United States District Court, E.D. North Carolina, Western Division

August 20, 2014

DOUGLAS GENE WHITFIELD, Plaintiff,
v.
LARRY DAIL, OFFICER JACOBS, OFFICER STOCKS, OFFICER MANNING, SERGEANT BORDEN, OFFICER WOODY, DR. JAMES D. ENGLEMAN, and OFFICER DEMATTY, Defendants.

ORDER

LOUISE W. FLANAGAN, District Judge.

This matter comes before the court on second motion dismiss (DE 77) filed by defendant Dr. James D. Engleman ("Engleman"), pursuant to Federal Rule of Civil Procedure 12(b)(6), which was fully briefed. In this posture, the issues raised are ripe for adjudication. For the following reasons, the court grants in part and denies in part defendant Engleman's motion.

STATEMENT OF THE CASE

On March 13, 2012, plaintiff filed this civil rights action pro se pursuant to 42 U.S.C. § 1983, against defendants Officer Collins ("Collins"), Larry Dail ("Dail"), Officer Jacobs ("Jacobs"), Officer Stocks ("Stocks"), and Craven Correctional Institution ("Craven").[1] Plaintiff subsequently filed several documents and letters, including a motion to amend his complaint. On October 16, 2012, the court entered an order granting plaintiff's motion to amend, but directing plaintiff to particularize his action. Plaintiff complied with the court's order and submitted an amended pleading. As part of his amended pleading, plaintiff expressed an intent to incorporate his prior filings, miscellaneous documents, and numerous letters as part of his amended pleading.

On February 8, 2013, the court conducted a frivolity review of plaintiff's amended pleading. As part of its review, the court denied plaintiff's request to incorporate his previous filings into his amended pleading, and limited plaintiff's allegations to those contained in his October 25, 2012, amended pleading. The court also allowed plaintiff to proceed with a claim alleging that Officer Manning ("Manning"), Sergeant Borden ("Borden"), Officer Woody ("Woody"), Officer DeMatty ("DeMatty"), and Engleman acted with deliberate indifference to his serious medical needs in violation of the Eighth Amendment to the United States Constitution. To the extent plaintiff sought to include new and separate claims which arose subsequent to the filing of this action on March 13, 2012, the court directed plaintiff to notify it whether plaintiff exhausted his administrative remedies, pursuant to 42 U.S.C. § 1997e(a), for these new claims.

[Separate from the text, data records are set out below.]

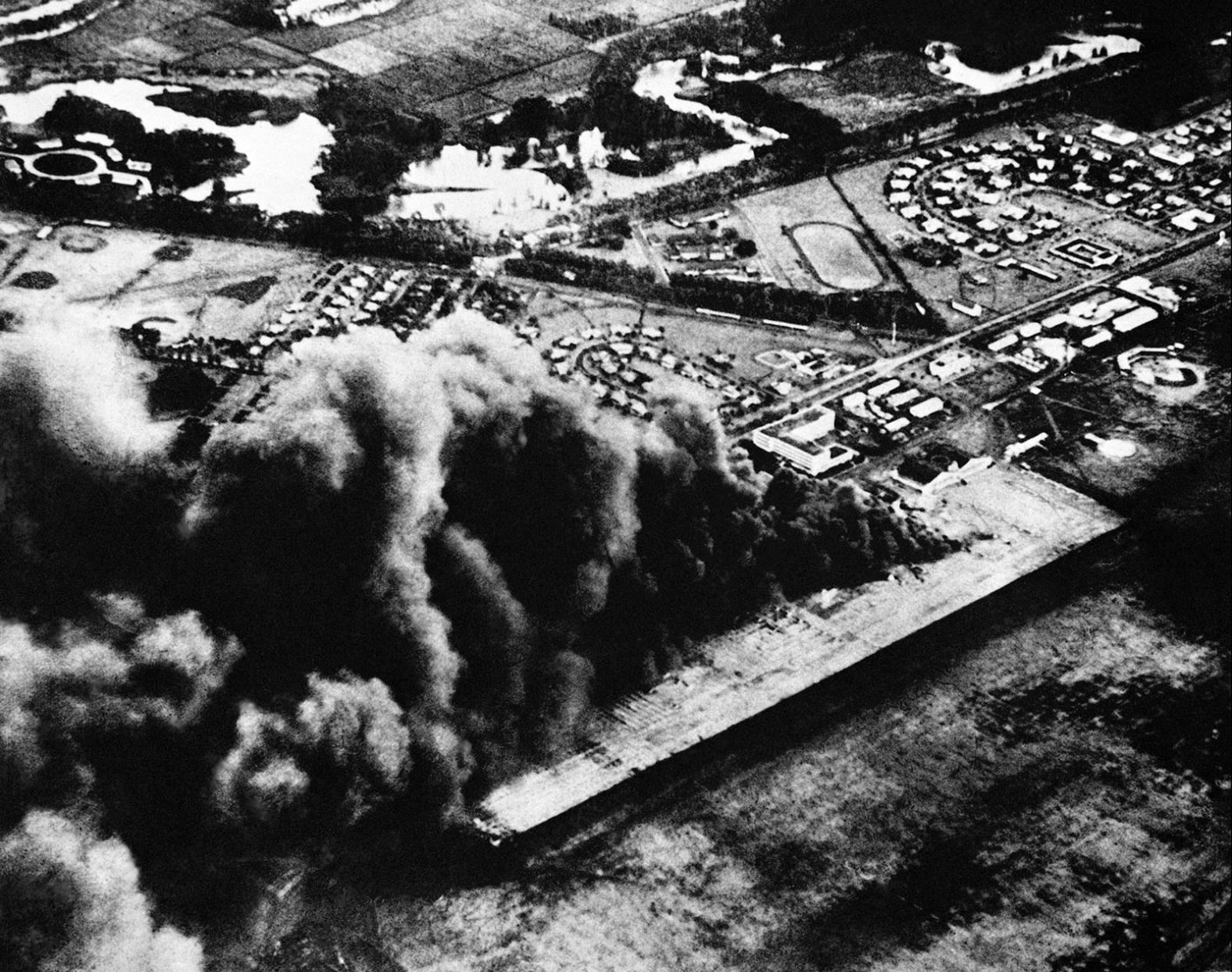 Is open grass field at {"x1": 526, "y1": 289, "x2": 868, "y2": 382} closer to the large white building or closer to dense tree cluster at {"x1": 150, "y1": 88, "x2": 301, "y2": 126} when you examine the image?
the large white building

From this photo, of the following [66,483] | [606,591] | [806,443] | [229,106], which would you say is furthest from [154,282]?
[606,591]

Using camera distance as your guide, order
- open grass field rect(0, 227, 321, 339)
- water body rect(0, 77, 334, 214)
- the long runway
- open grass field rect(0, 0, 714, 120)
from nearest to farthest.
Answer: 1. the long runway
2. open grass field rect(0, 227, 321, 339)
3. water body rect(0, 77, 334, 214)
4. open grass field rect(0, 0, 714, 120)

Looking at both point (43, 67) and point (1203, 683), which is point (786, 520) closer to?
point (1203, 683)

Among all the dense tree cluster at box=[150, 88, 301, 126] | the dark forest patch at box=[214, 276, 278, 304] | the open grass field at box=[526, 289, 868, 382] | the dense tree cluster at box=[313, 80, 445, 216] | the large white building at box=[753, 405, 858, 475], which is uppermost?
the dense tree cluster at box=[150, 88, 301, 126]

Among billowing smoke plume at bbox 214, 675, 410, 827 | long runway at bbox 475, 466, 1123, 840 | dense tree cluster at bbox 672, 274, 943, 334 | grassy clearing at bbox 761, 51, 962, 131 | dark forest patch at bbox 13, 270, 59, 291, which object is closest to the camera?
billowing smoke plume at bbox 214, 675, 410, 827

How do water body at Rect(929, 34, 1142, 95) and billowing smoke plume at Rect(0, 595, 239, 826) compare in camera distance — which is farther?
water body at Rect(929, 34, 1142, 95)

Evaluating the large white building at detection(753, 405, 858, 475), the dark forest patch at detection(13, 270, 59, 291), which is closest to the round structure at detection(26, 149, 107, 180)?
the dark forest patch at detection(13, 270, 59, 291)

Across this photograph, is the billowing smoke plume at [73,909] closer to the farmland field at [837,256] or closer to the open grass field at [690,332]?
the open grass field at [690,332] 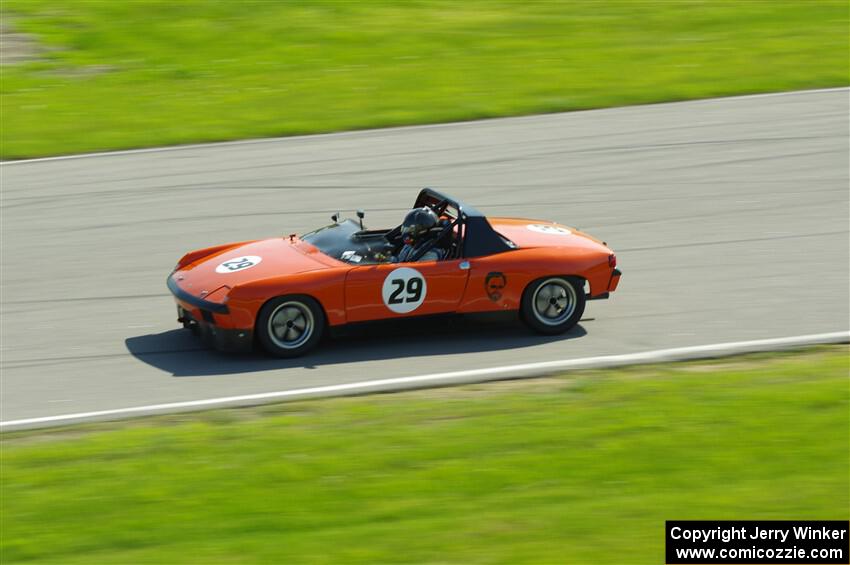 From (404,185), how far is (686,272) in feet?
14.2

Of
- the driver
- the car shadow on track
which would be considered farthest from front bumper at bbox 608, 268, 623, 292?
the driver

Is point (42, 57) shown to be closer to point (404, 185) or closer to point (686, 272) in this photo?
point (404, 185)

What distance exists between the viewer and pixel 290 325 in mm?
9820

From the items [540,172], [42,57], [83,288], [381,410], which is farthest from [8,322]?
[42,57]

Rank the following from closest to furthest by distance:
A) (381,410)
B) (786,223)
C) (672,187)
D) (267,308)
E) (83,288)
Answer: (381,410) → (267,308) → (83,288) → (786,223) → (672,187)

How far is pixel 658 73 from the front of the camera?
20.6 metres

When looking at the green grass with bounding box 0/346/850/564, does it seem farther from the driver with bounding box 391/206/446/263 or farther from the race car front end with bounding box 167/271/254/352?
the driver with bounding box 391/206/446/263

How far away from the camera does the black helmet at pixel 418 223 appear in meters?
10.4

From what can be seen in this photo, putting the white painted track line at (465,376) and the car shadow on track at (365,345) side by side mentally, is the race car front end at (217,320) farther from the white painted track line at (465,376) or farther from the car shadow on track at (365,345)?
the white painted track line at (465,376)

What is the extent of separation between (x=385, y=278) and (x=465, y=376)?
1092 mm

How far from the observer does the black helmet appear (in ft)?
34.0

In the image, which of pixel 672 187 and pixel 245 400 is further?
pixel 672 187

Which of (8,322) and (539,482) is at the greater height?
(8,322)
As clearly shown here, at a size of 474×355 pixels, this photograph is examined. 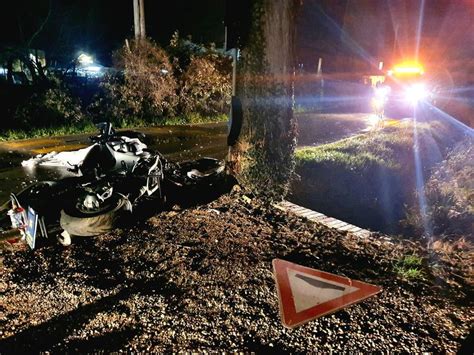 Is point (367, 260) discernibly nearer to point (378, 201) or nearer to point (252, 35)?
point (378, 201)

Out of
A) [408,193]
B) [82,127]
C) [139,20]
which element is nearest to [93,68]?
[139,20]

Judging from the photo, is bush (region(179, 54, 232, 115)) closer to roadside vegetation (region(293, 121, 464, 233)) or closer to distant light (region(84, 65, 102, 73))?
roadside vegetation (region(293, 121, 464, 233))

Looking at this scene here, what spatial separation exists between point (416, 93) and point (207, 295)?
17.5m

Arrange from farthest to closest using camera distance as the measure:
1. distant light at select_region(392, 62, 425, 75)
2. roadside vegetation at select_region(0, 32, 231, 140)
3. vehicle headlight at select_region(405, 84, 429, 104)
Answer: distant light at select_region(392, 62, 425, 75)
vehicle headlight at select_region(405, 84, 429, 104)
roadside vegetation at select_region(0, 32, 231, 140)

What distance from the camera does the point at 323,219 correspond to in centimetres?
530

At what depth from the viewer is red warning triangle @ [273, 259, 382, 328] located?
126 inches

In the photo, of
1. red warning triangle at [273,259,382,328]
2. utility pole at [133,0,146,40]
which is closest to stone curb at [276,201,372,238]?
red warning triangle at [273,259,382,328]

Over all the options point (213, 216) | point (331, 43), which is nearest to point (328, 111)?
point (331, 43)

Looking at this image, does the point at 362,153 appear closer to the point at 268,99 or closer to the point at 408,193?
the point at 408,193

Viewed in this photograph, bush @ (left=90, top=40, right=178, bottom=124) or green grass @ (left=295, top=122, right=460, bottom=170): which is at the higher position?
bush @ (left=90, top=40, right=178, bottom=124)

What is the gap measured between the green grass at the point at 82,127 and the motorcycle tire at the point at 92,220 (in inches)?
357

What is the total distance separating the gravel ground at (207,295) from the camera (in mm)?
2943

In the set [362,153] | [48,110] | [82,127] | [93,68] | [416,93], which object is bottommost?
[362,153]

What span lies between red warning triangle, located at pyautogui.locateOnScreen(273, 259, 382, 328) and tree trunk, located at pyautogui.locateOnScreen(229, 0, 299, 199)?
2.27 metres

On March 22, 2013, Borden, Collins, Dail, DeMatty, Jacobs, Manning, Stocks, and Woody filed a motion to dismiss arguing that plaintiff failed to state a claim upon which relief may be granted. Then, on April 5, 2013, plaintiff filed a motion to voluntarily dismiss Collins from this action. Engleman subsequently filed a motion to dismiss arguing that plaintiff failed to properly obtain service and that plaintiff failed to state a claim upon which relief may be granted. Alternatively, defendants raised the affirmative defense of qualified immunity. The issues raised in both motions were fully briefed. Plaintiff subsequently filed a motion to amend his complaint to include additional allegations against Engleman. This motion also was fully briefed.

On December 20, 2013, the court entered an order granting plaintiff's motion to amend and motion to voluntarily dismiss Collins from this action without prejudice. The court also granted in part and denied in part Engleman's motion to dismiss. The court granted Engleman's motion as to Engleman's challenge to service of process and quashed service as to Engleman.[2] The court denied the remainder of Engleman's motion to dismiss. The court also denied the motion to dismiss filed by defendants Borden, Dail, DeMatty, Jacobs, Manning, Stocks, and Woody. Finally, the court dismissed plaintiff's action against defendant Craven pursuant to 28 U.S.C. §§ 1915(e)(2)(B)(ii).

On January 9, 2014, Engleman filed a second motion to dismiss, arguing that plaintiff failed to state an Eighth Amendment claim against him. The motion was fully briefed.

STATEMENT OF FACTS

The facts pertaining to plaintiff's claims against Engleman as viewed in the light most favorable to plaintiff are as follows. Plaintiff was a state inmate incarcerated at Craven Correctional Institution ("Craven") at the time the instant cause of action arose. Plaintiff states that he had

carpal tunnel on both hands and surgery on "(both)" hands and still suffer[ed] from carpal tunnel syndrome in both hands. Plaintiff also suffer[ed] back and joint pain daily but Doctor Engleman refused to prescribe sufficient pain medication because of a past drug offense that plaintiff ha[d] in fact already paid his debt to society for.... Plaintiff [] suffered almost 3 years while Dr. Engleman knew plaintiff was in fact in pain because of his medical problems.... Plaintiff... had to seek psychological help due to depression from pain....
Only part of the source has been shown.